··· Data in this exercise
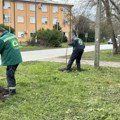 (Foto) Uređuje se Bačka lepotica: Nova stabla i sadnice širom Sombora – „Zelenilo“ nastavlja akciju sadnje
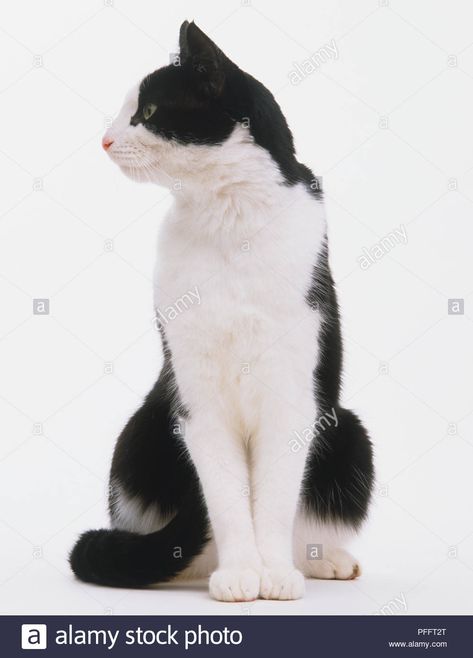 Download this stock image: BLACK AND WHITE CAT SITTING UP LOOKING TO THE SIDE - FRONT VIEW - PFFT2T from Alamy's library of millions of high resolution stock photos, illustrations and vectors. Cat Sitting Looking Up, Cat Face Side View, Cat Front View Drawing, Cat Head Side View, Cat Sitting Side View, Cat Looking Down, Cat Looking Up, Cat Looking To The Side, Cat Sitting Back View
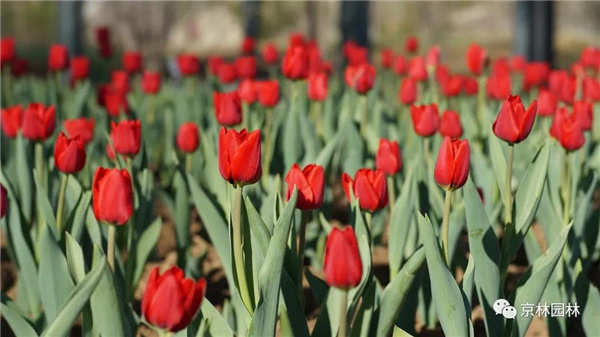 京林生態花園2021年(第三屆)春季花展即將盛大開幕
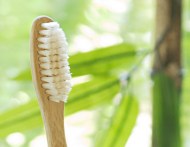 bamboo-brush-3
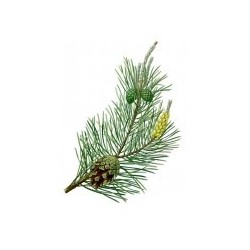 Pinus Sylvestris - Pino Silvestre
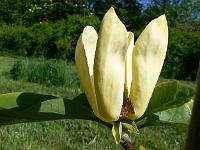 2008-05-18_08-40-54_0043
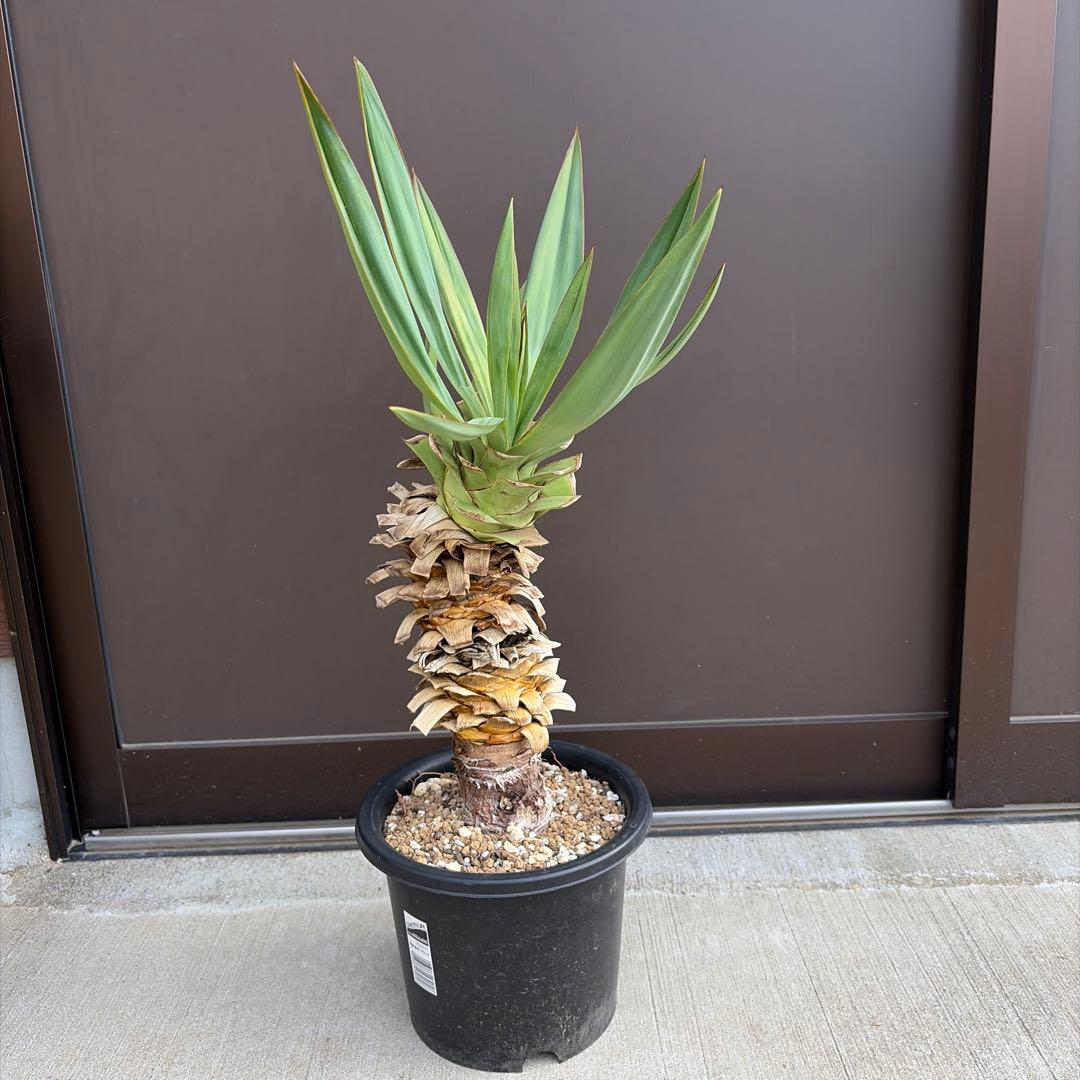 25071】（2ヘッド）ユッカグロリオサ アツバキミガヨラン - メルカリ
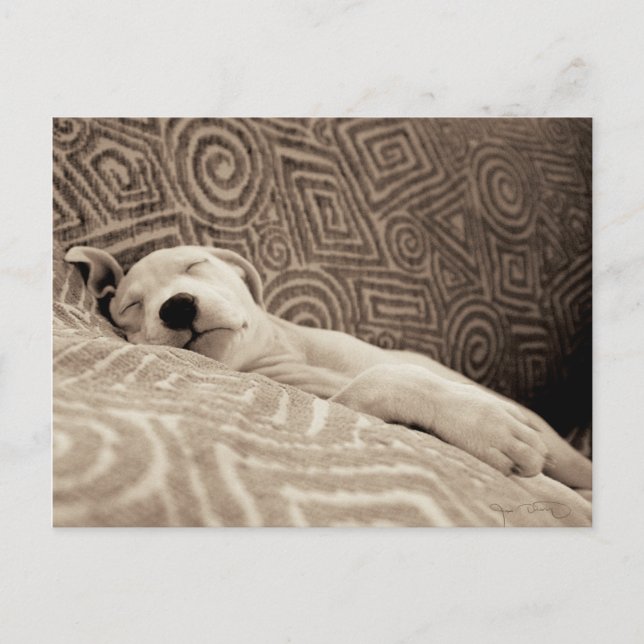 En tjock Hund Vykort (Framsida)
······
The lines from the one containing "bamboo-brush-3" through the last line of the records are what you should copy, word for word and nothing else, with pictures left out.

• **Answer box**
 bamboo-brush-3
 Pinus Sylvestris - Pino Silvestre
 2008-05-18_08-40-54_0043
 25071】（2ヘッド）ユッカグロリオサ アツバキミガヨラン - メルカリ
 En tjock Hund Vykort (Framsida)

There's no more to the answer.